People with chest pains arriving in an emergency room get attention right away — for good reason. After ruling out those who are having acid reflux pain or an anxiety attack, doctors use an electrocardiogram (EKG) to assess the person’s heart function and a blood analysis to reveal any damage to the heart muscle.

These simple tests, coupled with obvious signs of distress, are often enough to diagnose a person suffering from a heart attack. Those patients are wheeled into a catheterization lab, where doctors thread a line from a leg artery up to the patient’s heart to open the coronary artery blockage that is causing the heart attack.

But only about one-third of people who show up with some measure of heart distress have such clear warning signs of a heart attack, says Deepak Bhatt, chief of cardiology at the Veterans Affairs Boston Healthcare System and an interventional cardiologist at Brigham and Women’s Hospital in Boston. The other two-thirds have EKG scores that are not clearly in the heart attack range, and/or have blood tests that may or may not reveal warning signs.

Physicians have struggled with the best emergency plan for these in-between patients, Bhatt says, particularly since many hospitals in smaller communities don’t have a catheterization team — which includes an interventional cardiologist, specialized nurse and technician — onsite around the clock.

To delineate clearly who among these heart patients in the gray zone between a real heart attack and a potential one might benefit from immediate catheterization, Shamir Mehta, a cardiologist at McMaster University in Hamilton, Ontario, and his colleagues randomly assigned 1,593 such patients to get drugs plus catheterization as soon as possible, but within 24 hours.

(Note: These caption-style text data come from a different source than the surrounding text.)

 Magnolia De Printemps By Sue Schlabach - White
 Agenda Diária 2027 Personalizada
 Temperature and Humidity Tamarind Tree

Another 1,438 received only drugs at first, then catheterization at some point more than 36 hours later.

During the six months that followed, patients who had gotten early catheterization were 70 percent less likely to have repeat coronary blockage as were those who received late catheterization, Mehta reported.

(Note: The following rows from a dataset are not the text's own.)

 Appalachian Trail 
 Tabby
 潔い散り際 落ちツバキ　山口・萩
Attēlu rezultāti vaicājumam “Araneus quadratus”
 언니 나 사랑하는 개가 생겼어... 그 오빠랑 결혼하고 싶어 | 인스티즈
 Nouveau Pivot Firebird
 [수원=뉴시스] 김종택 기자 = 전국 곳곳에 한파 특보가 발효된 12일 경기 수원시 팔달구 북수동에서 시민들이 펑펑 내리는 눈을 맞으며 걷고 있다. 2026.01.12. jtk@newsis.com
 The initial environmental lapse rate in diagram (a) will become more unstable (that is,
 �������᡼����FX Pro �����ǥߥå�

When the researchers analyzed these patients’ risk of death, heart attack or stroke within the six months of follow-up, they found that delaying catheterization didn’t significantly affect these risks, Mehta says.

But the researchers found a different story when they analyzed only patients who had two of three common risk factors for a heart attack — being over age 60, having some evidence of a blockage on their EKG or having one telltale blood reading that hinted at heart attack. These people still fell into the gray zone somewhere short of a heart attack. But those who received prompt catheterization were somewhat less likely to die, have a heart attack or have a stroke within six months as were similar patients who got delayed catheterization.

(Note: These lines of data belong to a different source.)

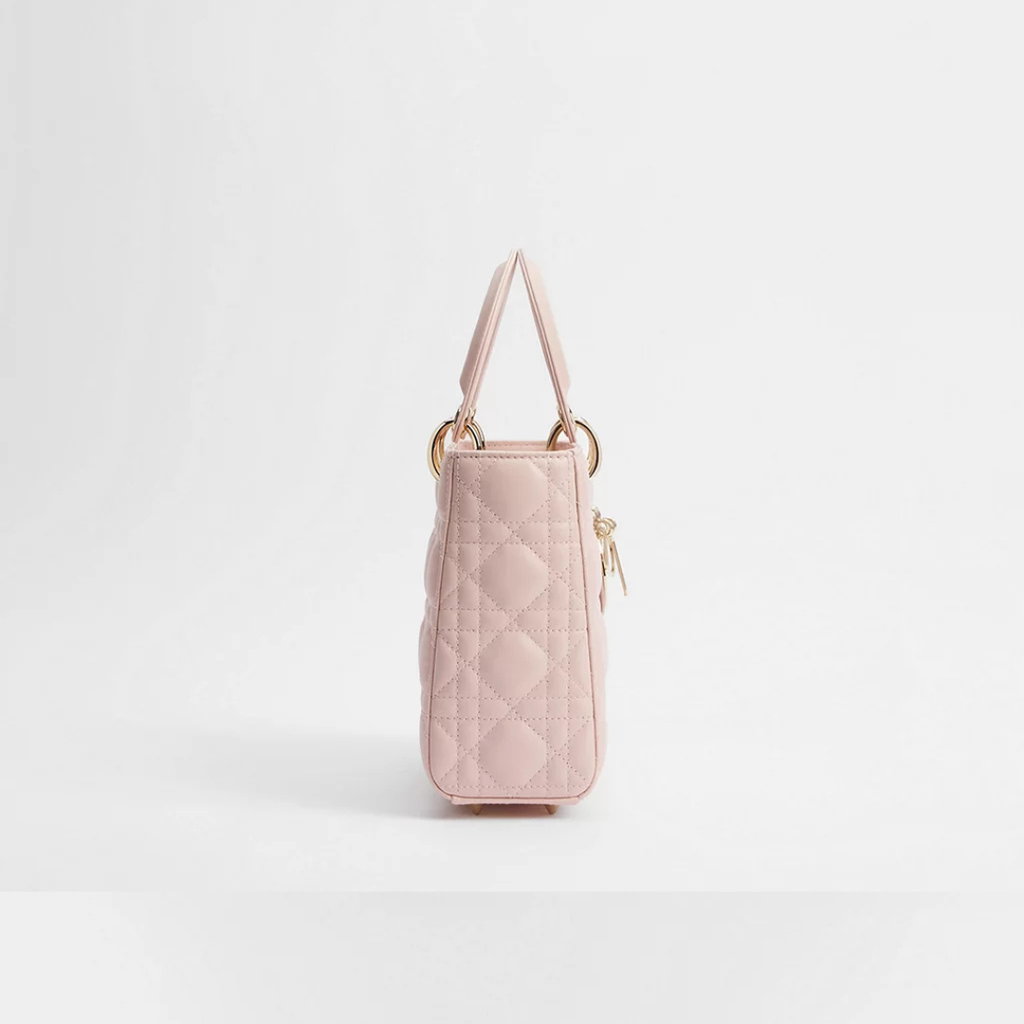 pink-lady-bag Handle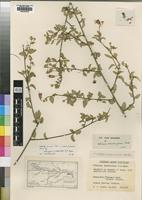 Holotype of Hibiscus okavangensis Exell [family MALVACEAE]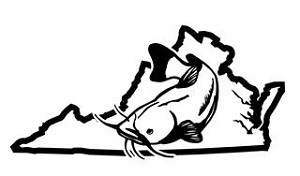 Virginia Catfish v2 Decal Sticker 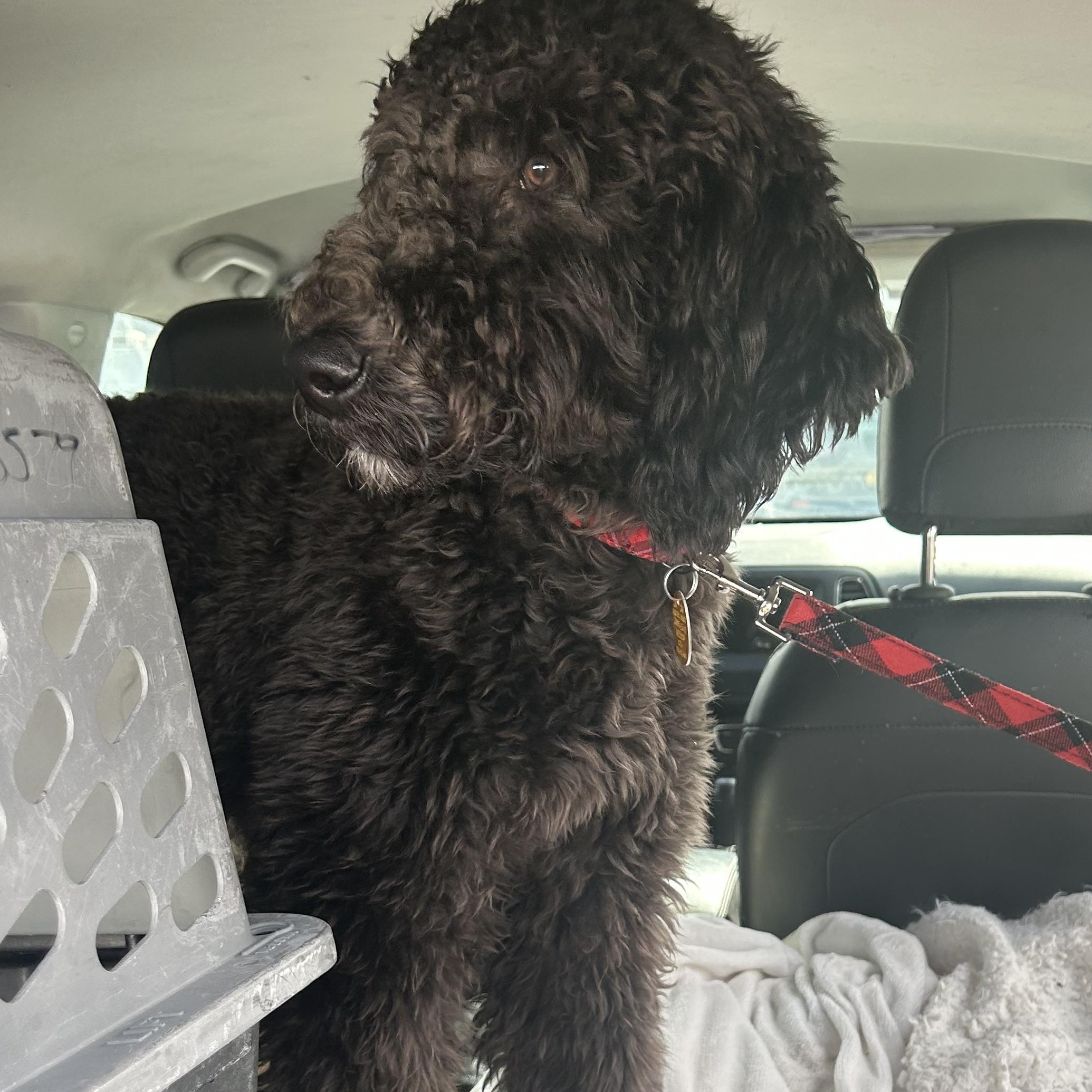 Enlarge MOOSE MIDNIGHT (in NY) meet and greet, an adopted mixed breed in New York, NY image 5/6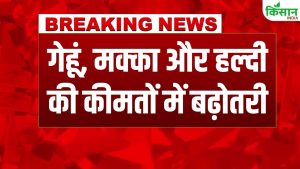 Himachal Budget 2026 में किसानों के लिए खुशखबरी, गेहूं, मक्का और हल्दी के दाम बढ़ाने का ऐलान Himachal Budget 2026 में किसानों के लिए खुशखबरी, गेहूं, मक्का और हल्दी के दाम बढ़ाने का ऐलान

“Timing matters in unstable angina or small heart attacks,” Mehta concludes. The study showed no detrimental effects from early catheterization.

There are medical guidelines for physicians trying to determine which of such patients should be moved quickly to a catheterization lab.

“Frequently, all the messages in the guidelines are not widely appreciated,” says Sidney Smith, a cardiologist at the University of North Carolina in Chapel Hill. “This is a very important trial,” he says, and it will likely bolster adherence to the guidelines.

The issue often arises in hospitals on weekends, when there isn’t a catheterization team on hand, Bhatt says. If a patient comes in on a Saturday night, he says, the question becomes whether to bring in a catheterization team that’s on call, “or wait until Monday morning.” It’s more than a matter of inconvenience, he says. “There are financial costs to the health care system.”

As they did in this study, heart patients routinely receive aspirin and an anticoagulant upon arrival at a hospital, says Gordon Tomaselli, chief of cardiology at Johns Hopkins Medicine in Baltimore. But these drugs don’t necessarily ease the problem, even in people in the gray zone, he says. The new study is likely to result in more of such patients getting into the catheterization lab early, particularly during working hours when there is a full lab staff on hand to handle the load, he says.

“This study clearly says there’s no harm in a patient going in early” to undergo catheterization, Bhatt says. “I honestly don’t see the downside from the patient’s perspective.”